▶ _DIRECTIONS FOR THIS TASK_
Reproduce exactly the entries from the "10 pz SOP Patch" line to the end. Skip all pictures.

▶ _ENTRIES SHOWN_
▼

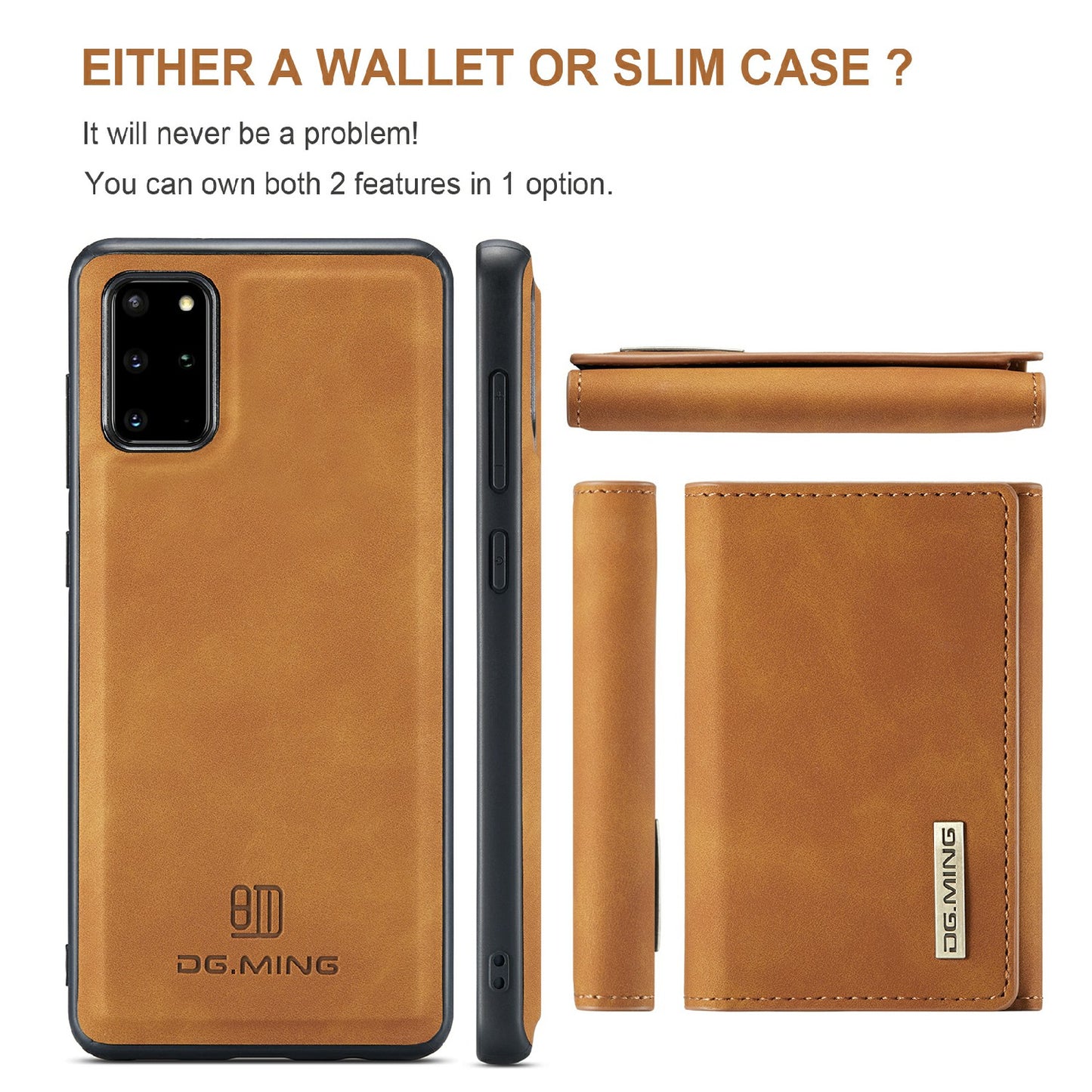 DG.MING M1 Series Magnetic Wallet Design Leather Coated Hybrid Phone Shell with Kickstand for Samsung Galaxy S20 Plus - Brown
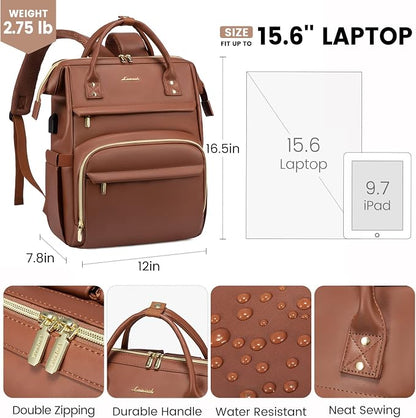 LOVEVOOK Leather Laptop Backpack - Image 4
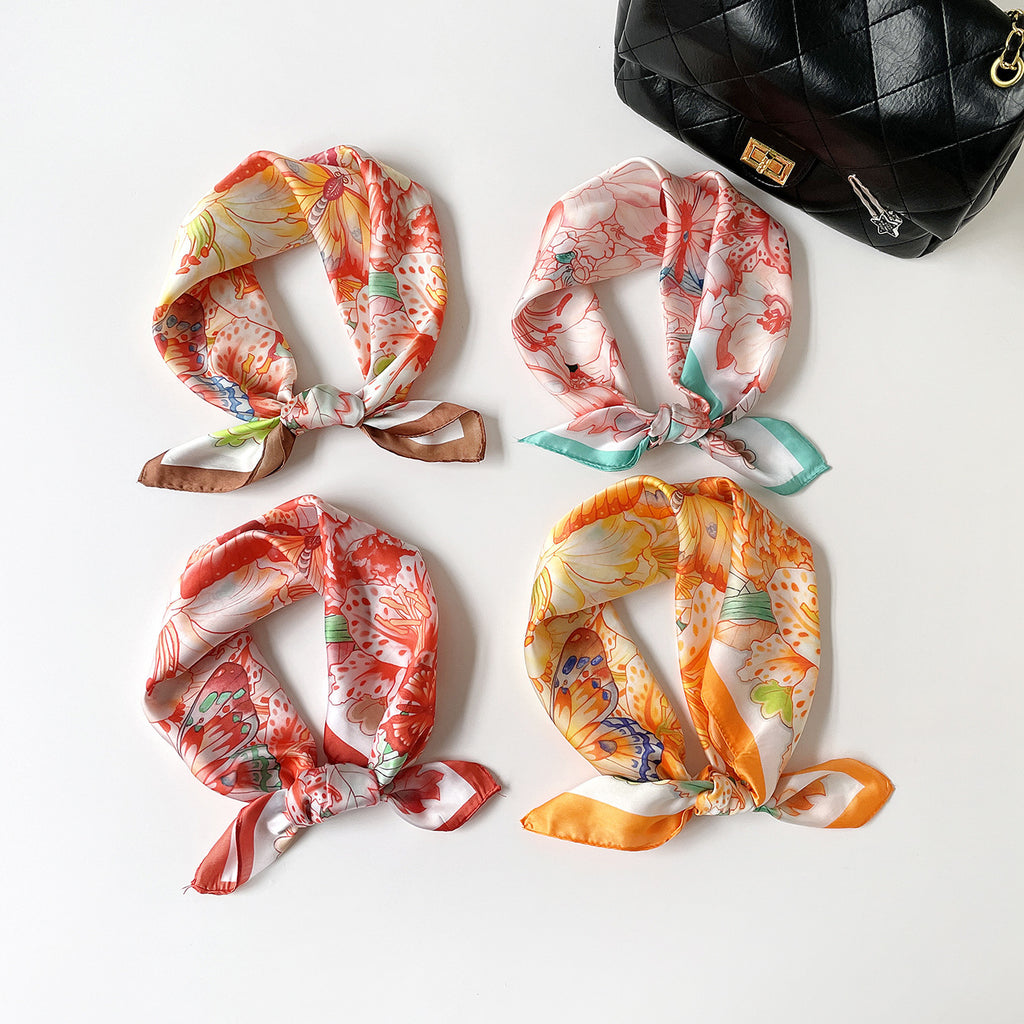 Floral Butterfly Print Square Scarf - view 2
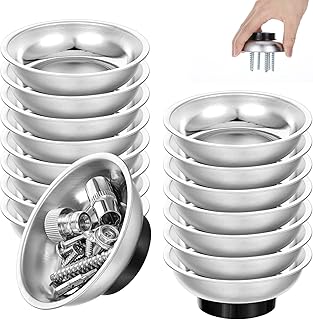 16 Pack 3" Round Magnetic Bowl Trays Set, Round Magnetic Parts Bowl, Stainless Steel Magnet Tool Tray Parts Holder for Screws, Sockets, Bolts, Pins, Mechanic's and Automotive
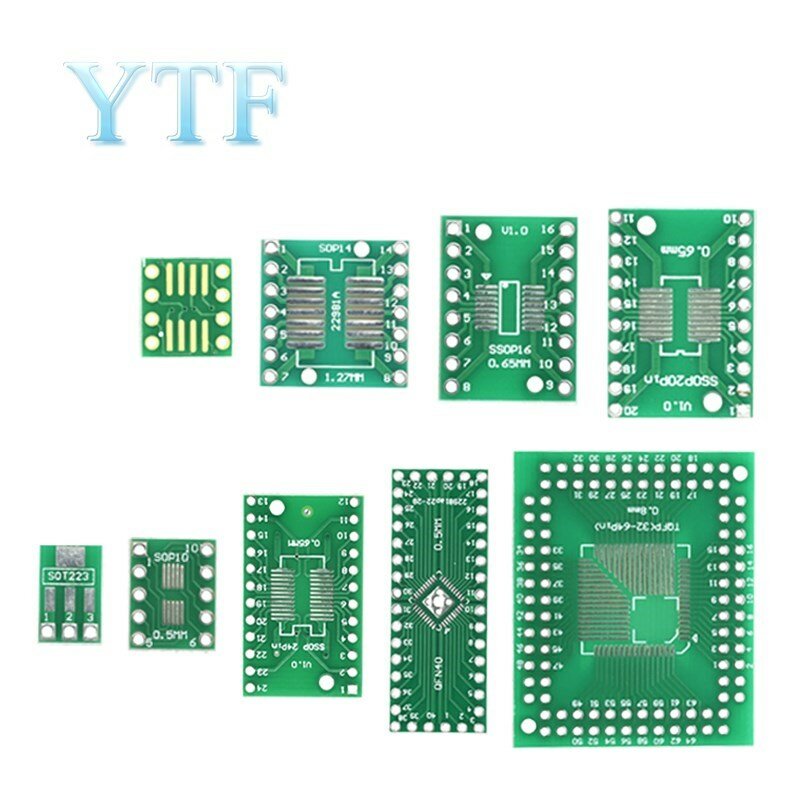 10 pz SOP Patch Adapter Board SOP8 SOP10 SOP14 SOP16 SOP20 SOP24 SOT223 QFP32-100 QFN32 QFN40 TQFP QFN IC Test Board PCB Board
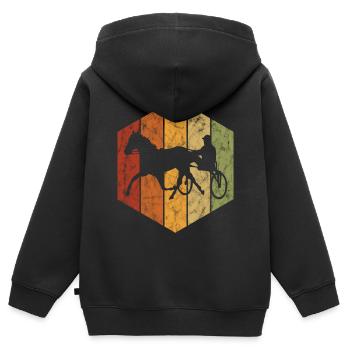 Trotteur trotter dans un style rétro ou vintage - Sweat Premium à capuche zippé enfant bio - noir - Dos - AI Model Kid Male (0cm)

▲

▶ _RESULT OF THIS EXERCISE_
 10 pz SOP Patch Adapter Board SOP8 SOP10 SOP14 SOP16 SOP20 SOP24 SOT223 QFP32-100 QFN32 QFN40 TQFP QFN IC Test Board PCB Board
 Trotteur trotter dans un style rétro ou vintage - Sweat Premium à capuche zippé enfant bio - noir - Dos - AI Model Kid Male (0cm)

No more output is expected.